# Hunt 234 Sold Out?



## pp185xlt (Feb 21, 2008)

anyone want to explain how a hunt that is "not a limited-quota" is sold out?


----------



## bigrackmack (Aug 10, 2004)

You have to get 234 when you apply for turkey......You can't get one after the permit cut off.......Not sold out, just not available...You could have got a ZZ........Hope that helps......Mack


----------



## EdB (Feb 28, 2002)

You can buy hunt 234 over the counter during January till Feb 1. You don't need to apply, just buy it. That is when you should buy one.
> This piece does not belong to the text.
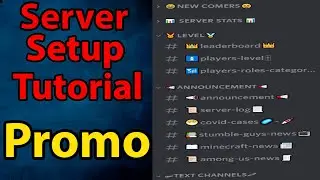 Discord Server Setup Tutorial || Promo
After Feb 1st, only those who applied in Jan to Feb 1 application period can buy a 234 license as a leftover license.


----------



## pp185xlt (Feb 21, 2008)

oh, I gotcha, I went back and read more of the guide and it does say taht hunt no. 234 will be only availagle to those who applied. well that just sucks


----------



## thetreestandguy (Dec 16, 2005)

We're not big turkey hunters in my house but we've given it a shot the last few years on our property. Did they just change the 234 process? I thought I had purchased the 234 hunt these last two years but perhaps was just getting ZZ.
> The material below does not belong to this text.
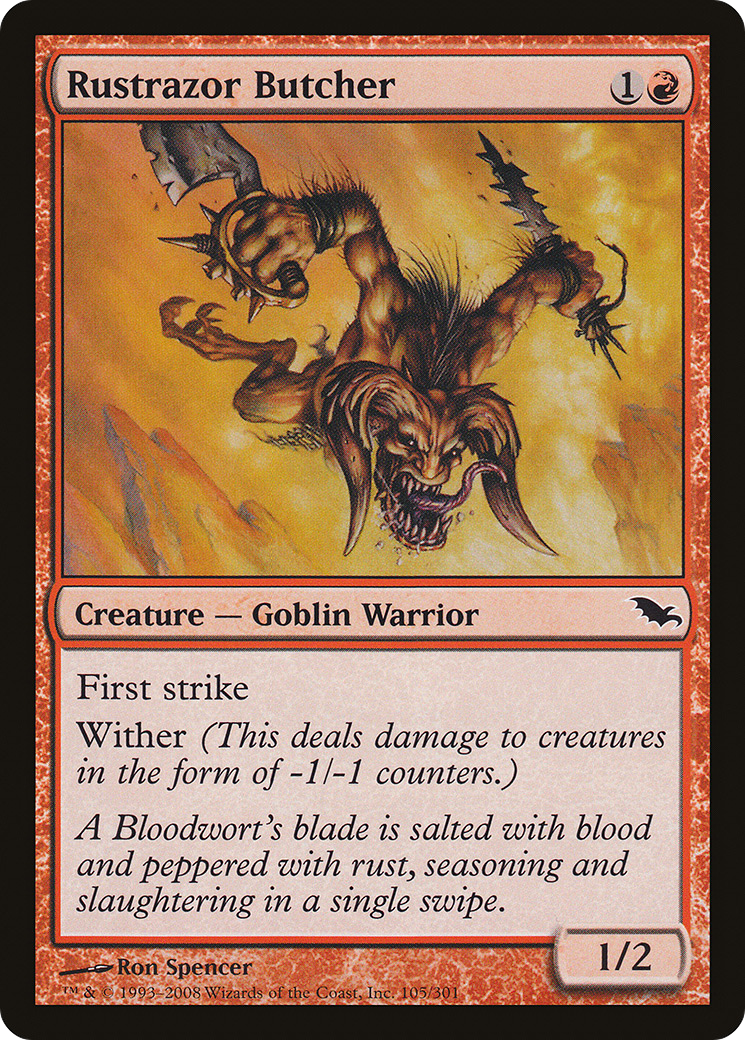 Rustrazor Butcher (SHM-105) [Shadowmoor] Foil MTG Single Wizards of the Coast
This is the first opportunity my wife and I have had to hunt this spring and now we're screwed because we didn't put in earlier in the year.:sad:


----------



## DEDGOOSE (Jan 19, 2007)

I love the way they do it.. It eliminates the " I saw one under the bird feeder I better go buy a tag hunters"


----------



## adam bomb (Feb 27, 2006)

Spring Turkey Guide
http://www.michigan.gov/dnr/0,1607,7-153-10363_10958_10969-207047--,00.html
ZZ hunt is over with. It started April 19-May 2. You gotta get the 234 hunt during the application period. Otherwise, since you didnt apply, you have to buy a limited quota hunt if there are any available.
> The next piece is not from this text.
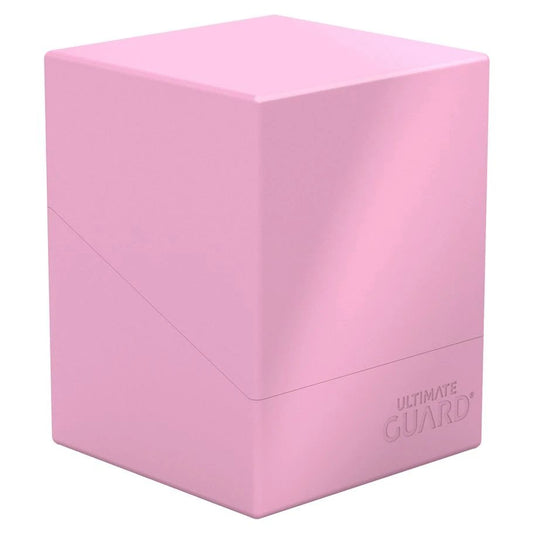 Candy Pink - Boulder 100+ Solid Deck Box - Gootzy Gaming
A quick search revealed the only remaining permits are for Area M (3014 available) good for April 19-May 31.
http://www.michigandnr.com/availablelicenses/default.asp?Type=S


----------



## mikieday (Jan 20, 2004)

DEDGOOSE said:


> I love the way they do it.. It eliminates the " I saw one under the bird feeder I better go buy a tag hunters"


it also eliminates the daughter finally decided she wanted to get her nose out of a book studying and go hunting hunters...


----------



## adam bomb (Feb 27, 2006)

mikieday said:


> it also eliminates the daughter finally decided she wanted to get her nose out of a book studying and go hunting hunters...


Thats unfortunate, but season dates are set well in advance so a parent/child or any other adult has ample opportunity to decide if they want to hunt or not. Application is Jan 1- Feb 1 and seasons not till the last 1/3 of April. Should be able to figure out what your doing by then as well as a time frame that works for you. Not trying to be arogant or inconsiderate, but there is ample opportunity for anyone that wants to partake in Michigan turkey hunting.


----------



## mikieday (Jan 20, 2004)

adam bomb said:


> Thats unfortunate, but season dates are set well in advance so a parent/child or any other adult has ample opportunity to decide if they want to hunt or not. Application is Jan 1- Feb 1 and seasons not till the last 1/3 of April. Should be able to figure out what your doing by then as well as a time frame that works for you. Not trying to be arogant or inconsiderate, but there is ample opportunity for anyone that wants to partake in Michigan turkey hunting.


understood but Im not giving money to this state if I dont have to..Im taxed to death as it is and money is tight and i purchased for her last year and she didnt go because of some school program...so throwing 4 bucks after 15 bucks just didnt seem the smart thing to do ..


----------



## Henrik for President (Sep 21, 2009)

I made both my brothers apply for a tag, even though neither of them thought they'd have time to hunt back in January. It turns out that one of my brothers was able to hunt a couple days during second season and we found a sweet spot with a few birds on his last hunt. Hopefully my other brother has some time in the next couple weeks for our late season tags. We even found a couple new deer trails we overlooked last season!
_Posted via Mobile Device_


----------



## ryan-b (Sep 18, 2009)

mikieday said:


> understood but Im not giving money to this state if I dont have to..Im taxed to death as it is and money is tight and i purchased for her last year and she didnt go because of some school program...so throwing 4 bucks after 15 bucks just didnt seem the smart thing to do ..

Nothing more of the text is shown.